> EXERCISE OBJECTIVE: With the pictures removed, write out the data below exactly.

> EXTRACTED ENTRIES:
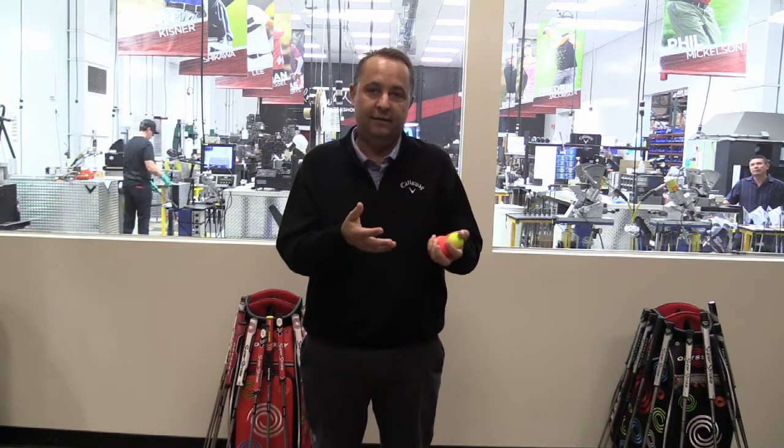This one's about a 70 compression golf ball, so it's about the same as the regular Chrome Soft. But with the different material on the cover of the golf ball, you're going to lose a little bit of that green-side spin that you would over, say, a urethane cover tour ball.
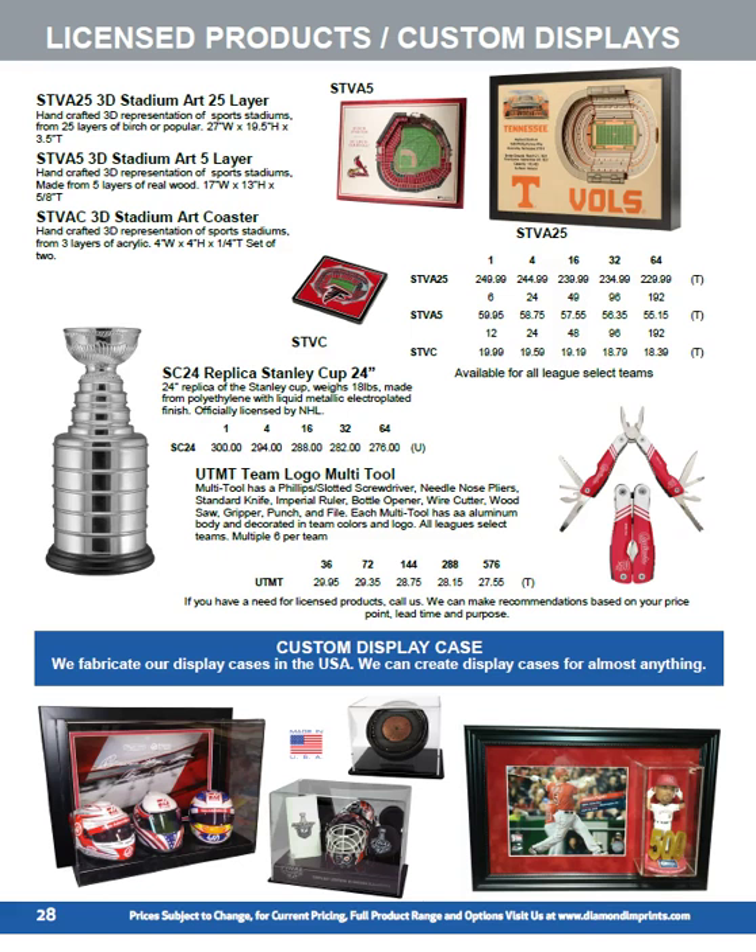Stadium art is available in three different versions: the high-end 25-layer version with a huge amount of detail, then the five-layer version made overseas, and the coaster, which is a three-layer item that comes in a pack of two. We've got a 24-inch replica of the Stanley Cup. We also make a lot of our own display cases domestically — if you've got a group of memorabilia you want to display, let us know and we can design something for you. One custom display was made for Haas Industries, featuring a Formula One helmet, a NASCAR helmet, and an IndyCar helmet together with a photograph in the back.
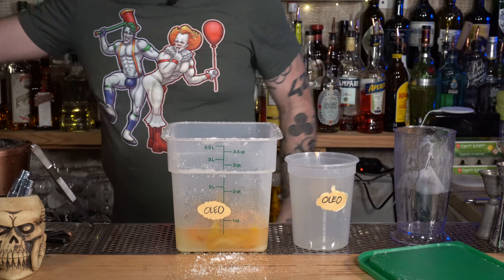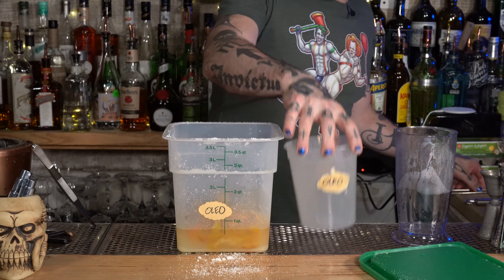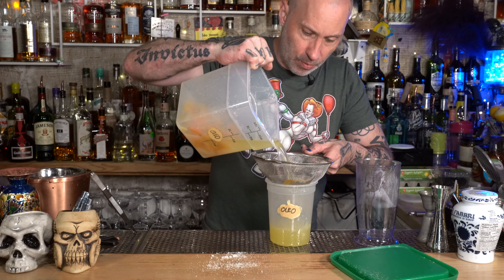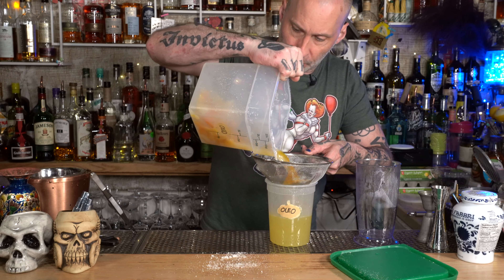Please excuse my Latin, but we're going to make something called the oleosaccharum, which means oil sugar. We're going to do this because I'm going to be doing a video on YouTube about making something called the Fish House Punch, and I believe it's best made with an oleosaccharum.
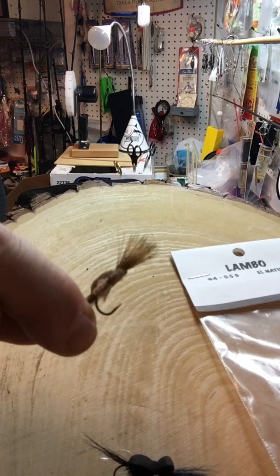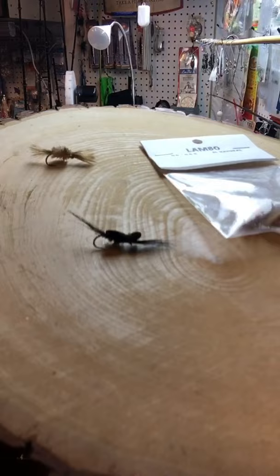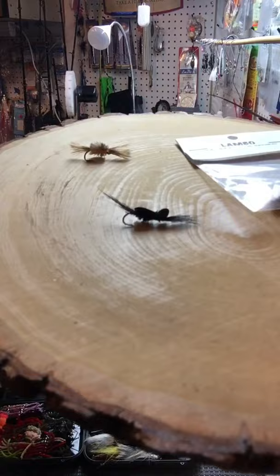Caddis imitation — El Natural — no foam back, fish it under tension. The foam ones are meant for really fast water; they don't really sink, but they get torn up from toothy fish.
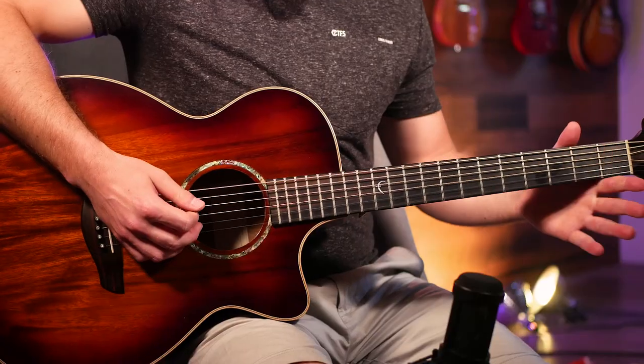What's up guys, today we're going to learn 'Good 4 U' by Olivia Rodrigo. We've got three different guitar parts to learn to play this entire song, so let's get into it.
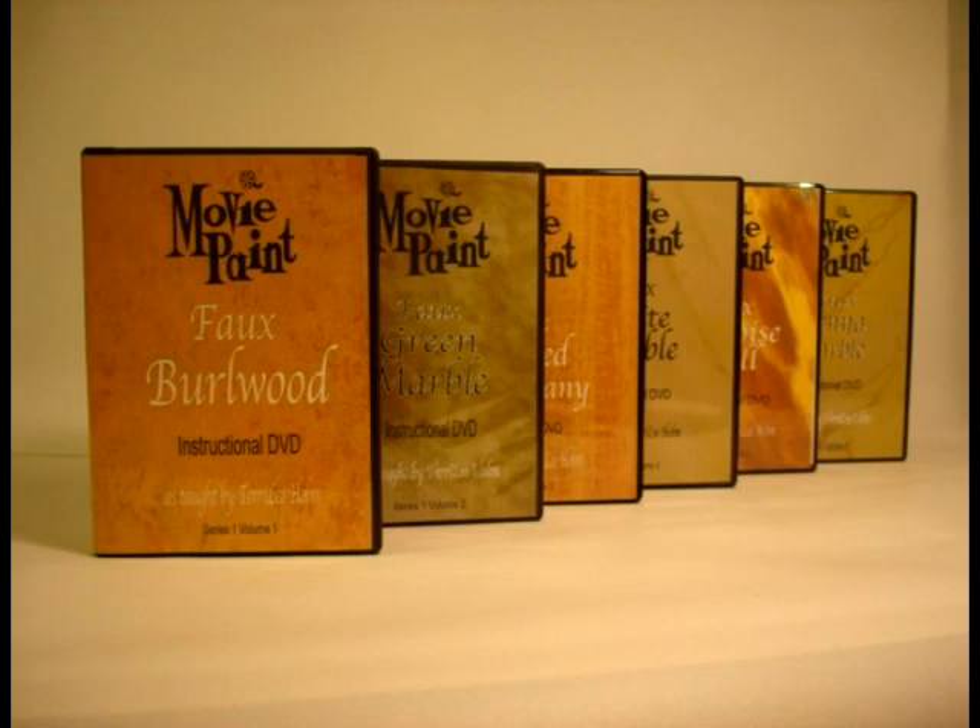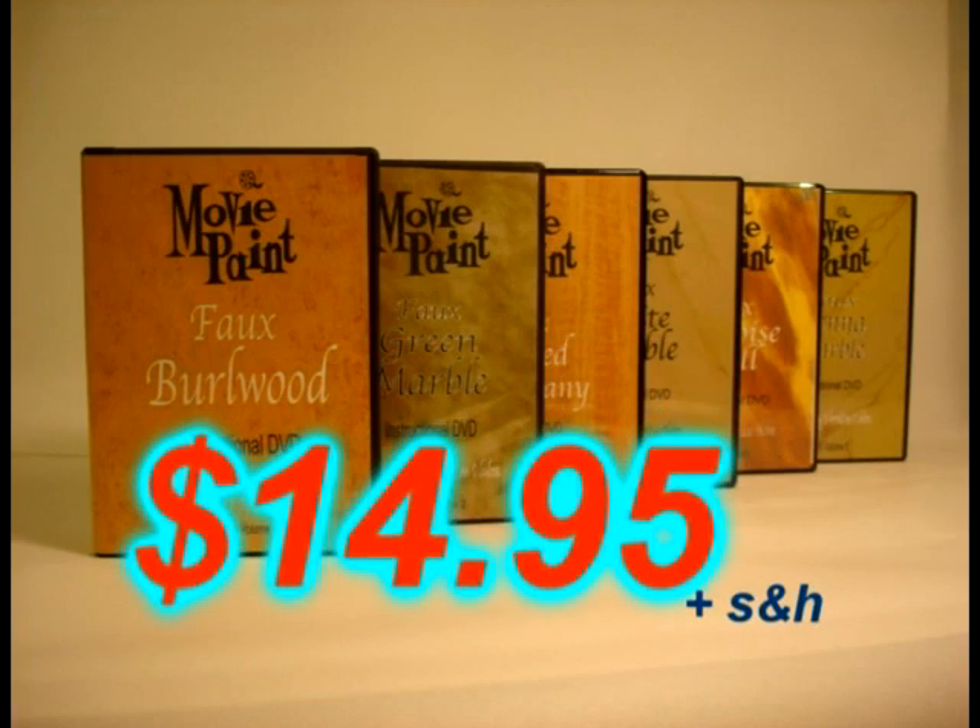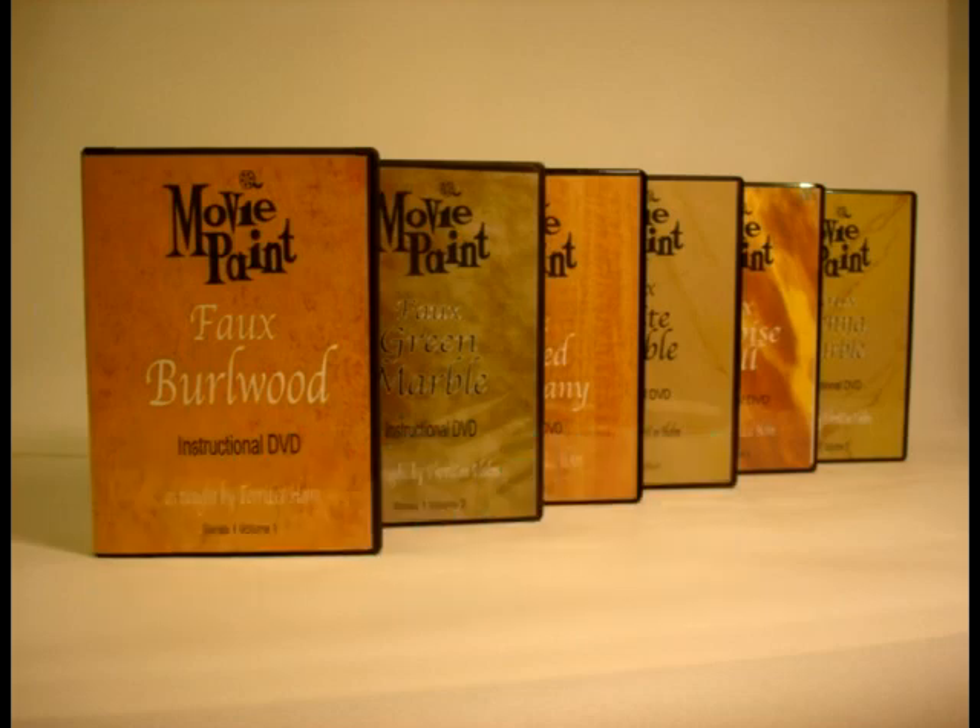Series 1 consists of 6 different wood grains and marbles. Each of these 6 comprehensive DVDs is only $14.95 plus shipping and handling. Order online at www.moviepaint.com.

> YOUR SOLUTION:
This one's about a 70 compression golf ball, so it's about the same as the regular Chrome Soft. But with the different material on the cover of the golf ball, you're going to lose a little bit of that green-side spin that you would over, say, a urethane cover tour ball.
Stadium art is available in three different versions: the high-end 25-layer version with a huge amount of detail, then the five-layer version made overseas, and the coaster, which is a three-layer item that comes in a pack of two. We've got a 24-inch replica of the Stanley Cup. We also make a lot of our own display cases domestically — if you've got a group of memorabilia you want to display, let us know and we can design something for you. One custom display was made for Haas Industries, featuring a Formula One helmet, a NASCAR helmet, and an IndyCar helmet together with a photograph in the back.
Please excuse my Latin, but we're going to make something called the oleosaccharum, which means oil sugar. We're going to do this because I'm going to be doing a video on YouTube about making something called the Fish House Punch, and I believe it's best made with an oleosaccharum.
Caddis imitation — El Natural — no foam back, fish it under tension. The foam ones are meant for really fast water; they don't really sink, but they get torn up from toothy fish.
What's up guys, today we're going to learn 'Good 4 U' by Olivia Rodrigo. We've got three different guitar parts to learn to play this entire song, so let's get into it.
Series 1 consists of 6 different wood grains and marbles. Each of these 6 comprehensive DVDs is only $14.95 plus shipping and handling. Order online at www.moviepaint.com.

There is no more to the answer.